Reproduce only what runs from the line containing "Cintas cassette, discos vinilo y mini discos" to the line containing "Used Mitsubishi Outlander" in the records below, inclusive. Keep it exact, and keep the pictures out.
Data: Begin
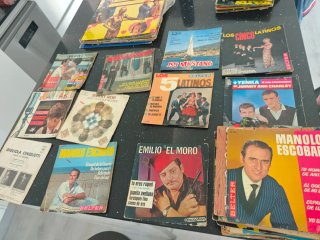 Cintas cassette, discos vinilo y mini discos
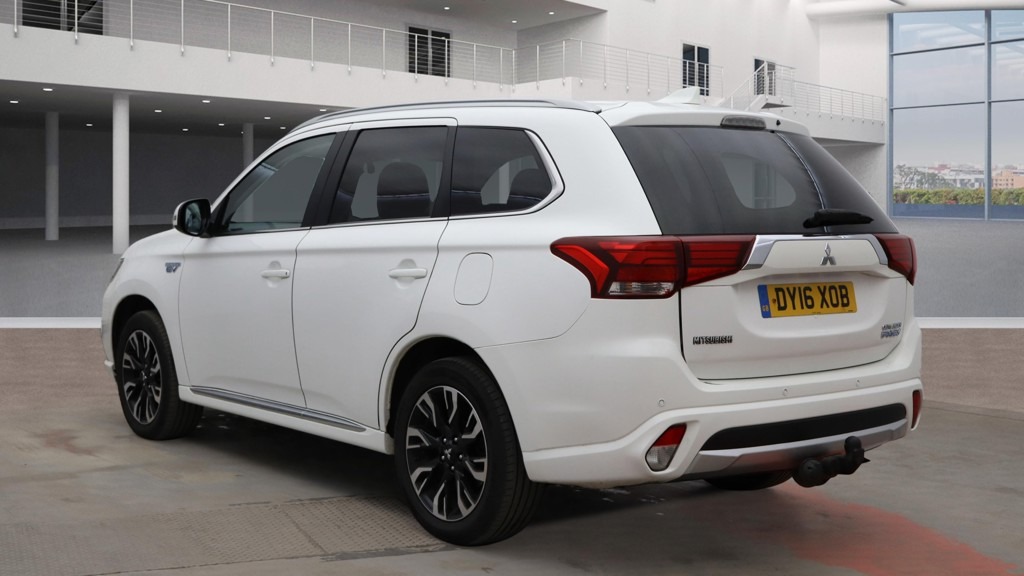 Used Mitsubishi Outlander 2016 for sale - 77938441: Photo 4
Data: End
Data: Begin
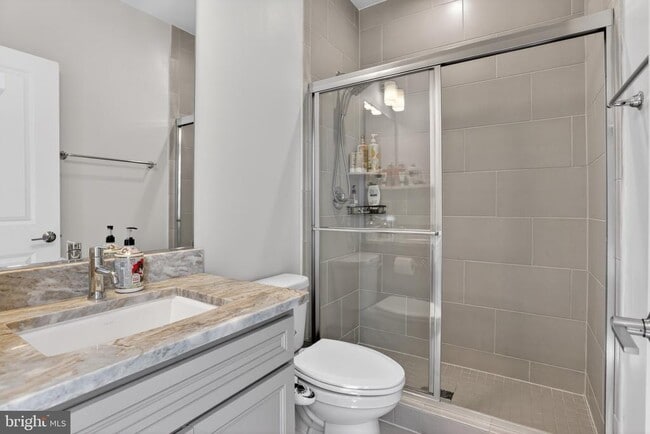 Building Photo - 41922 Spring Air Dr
Data: End
**Response**.
 Cintas cassette, discos vinilo y mini discos
 Used Mitsubishi Outlander 2016 for sale - 77938441: Photo 4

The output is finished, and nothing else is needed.